This blog was authored by Rodrigo Bórquez, economist of the Multi-Country Electricity Transition (MCET) network and the Climate Action Teams (CAT) initiative, and by Environmental Defense Fund economist Luis Fernández Intriago.
On October 14, the international network Multi-Country Electricity Transition (MCET) held two parallel seminars focused on the electricity transition in Asia and Latin America. These sessions—part of the Pre-COP30 series organized by the Economics team at Environmental Defense Fund (EDF)—brought together researchers, institutions, and decision-makers from the MCET ecosystem to share progress, reflect on common challenges, and project a more integrated agenda for a just transition.
As the climate crisis demands the accelerated decarbonization of the power sector, particularly in emerging economies, it becomes essential to develop tools that support informed, equitable, and viable transitions. Open planning models, policy assessments, and institutional coordination are key elements to transform global goals into actionable national pathways.
Within this context, the MCET seminars invited us to look beyond modeling, and ask: how can technical tools genuinely connect with the social, territorial, and political realities of our countries?
Two regions, one shared conversation
In the Latin America session, Manuel Portilla (Vinken, Chile) presented a study exploring the potential of demand response to increase power system efficiency and reliability in Chile, Colombia, and Vietnam. Using the SWITCH model, his analysis showed how flexible demand can reduce costs, support renewable integration, and enable more active citizen participation in electricity markets.

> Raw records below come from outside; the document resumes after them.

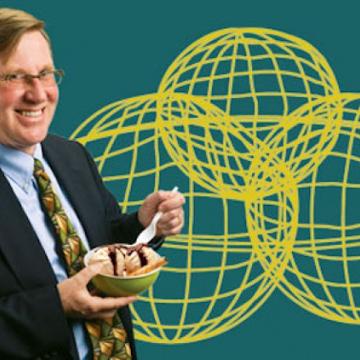 John Shearer - Pepperdine Magazine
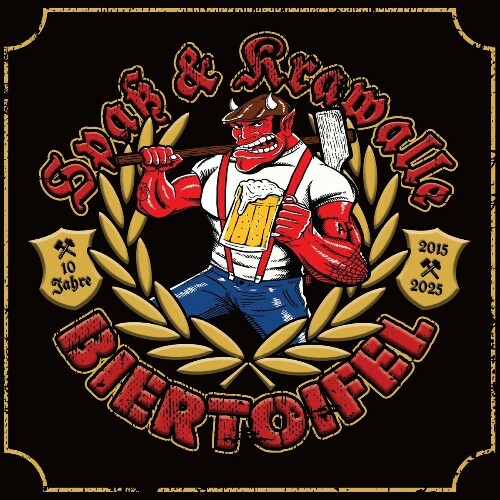  Biertoifel - Spa&#223; und Krawalle (2025) 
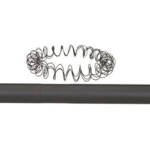 NORDIC +2 MXT TUBE 12GA BK NEEDS NUT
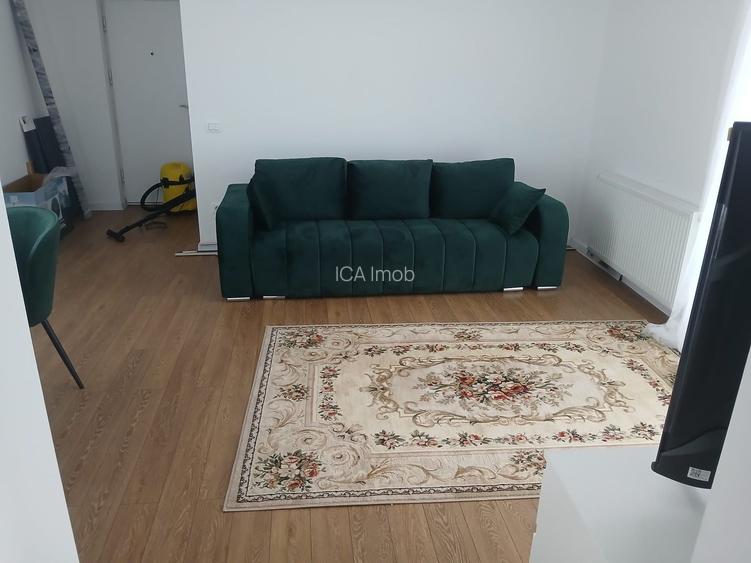Apartament 2 camere Stefan Cel Mere bloc nou! - 2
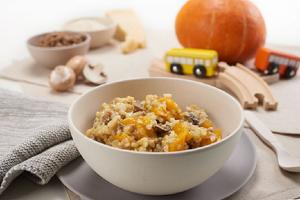 Toddler Recipe - Healthy and Easy Recipes For Kids plakat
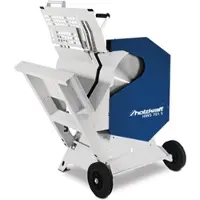 Holzkraft Wippkreissäge HWS 701 S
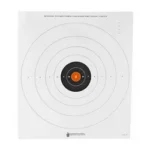 Action Target ACTION TGT ORG CENTER PAPER 100PK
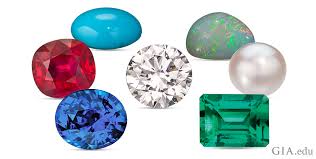 More Than The Mohs Scale Understanding Gem Durability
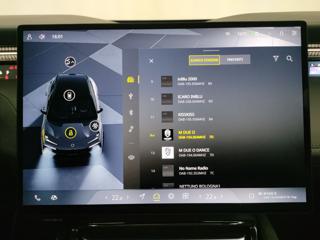 LOTUS Eletre usata, con Specchietti laterali elettrici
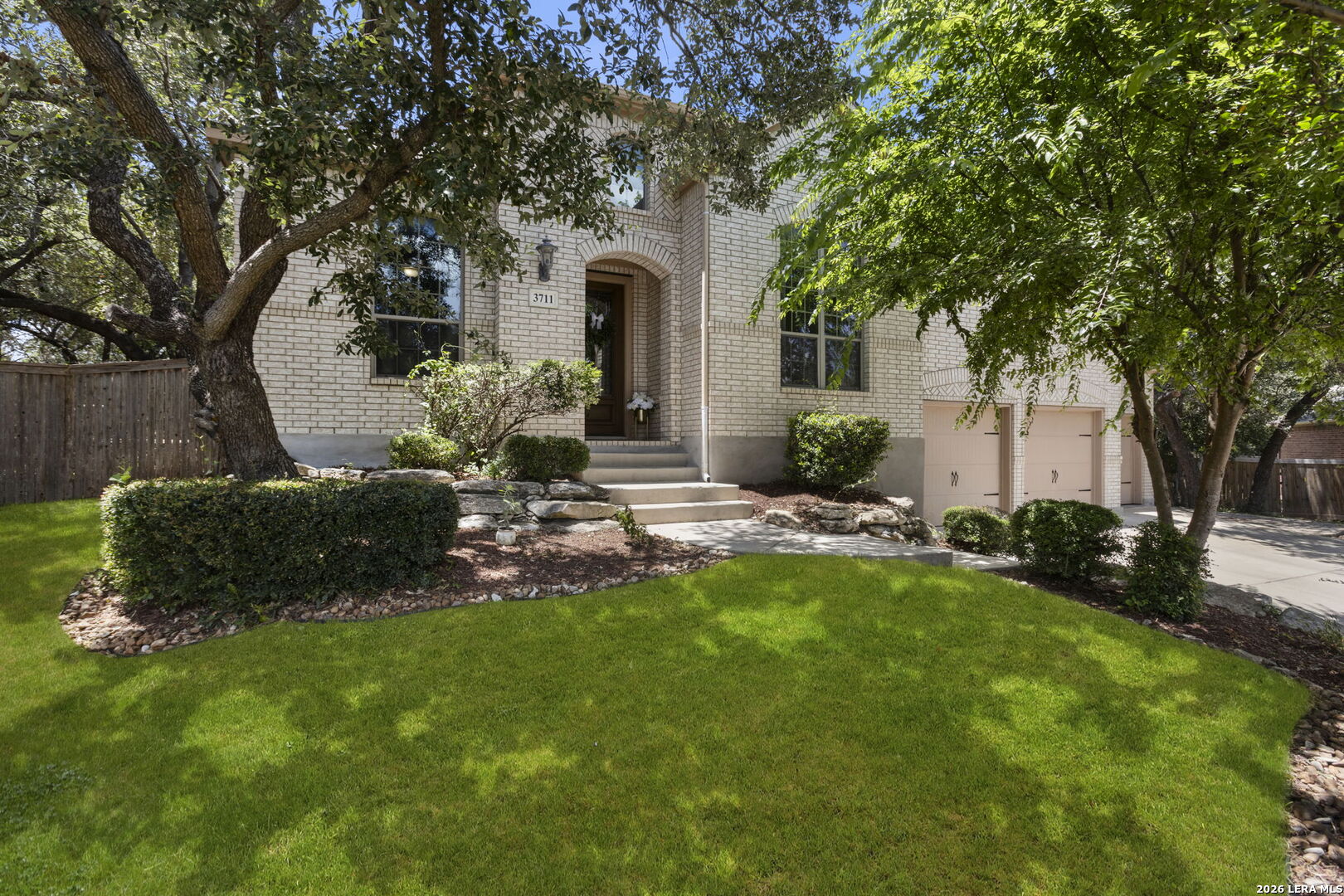 3711 Galveston Trail San Antonio TX 78253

From Honduras, Paola Sofía Acevedo Alvarado (Sustenta Honduras) presented a pioneering effort to incorporate territorial justice into long-term energy planning models. Through the development of SWITCH-Honduras, her work demonstrates how expansion scenarios can avoid harming protected areas or infringing on Indigenous rights, proposing a path that aligns climate action with territorial equity.
In the Asia session, Thuy Doan (Fulbright University Vietnam) analyzed the impact of various electricity pricing schemes on demand behavior, consumer welfare, and system efficiency in Vietnam. Her study suggests that structures like Time-of-Use (TOU) and hybrid models can be key to achieving carbon neutrality, but must be supported by investments in data systems and grid infrastructure.
Meanwhile, Dr. Tarun Sharma (IIT Roorkee, India) explored five demand-responsive pricing strategies in India, aimed at shifting consumption to hours with higher solar generation. His approach connects energy modeling with realistic policy design, contributing to better system management and improved renewable integration.
Open models, just transitions
Though grounded in distinct national realities, all four studies share a common belief: energy modeling can be a powerful tool to inform decision-making, but only when it is linked to each country’s institutional, social, and territorial context.
Throughout the sessions, participants acknowledged that while tools like SWITCH allow for robust scenario simulations and decarbonization pathways, their real-world impact depends on how they align with local capacity, institutional frameworks, and justice-based approaches. This intersection presents challenges—but also transformative opportunities.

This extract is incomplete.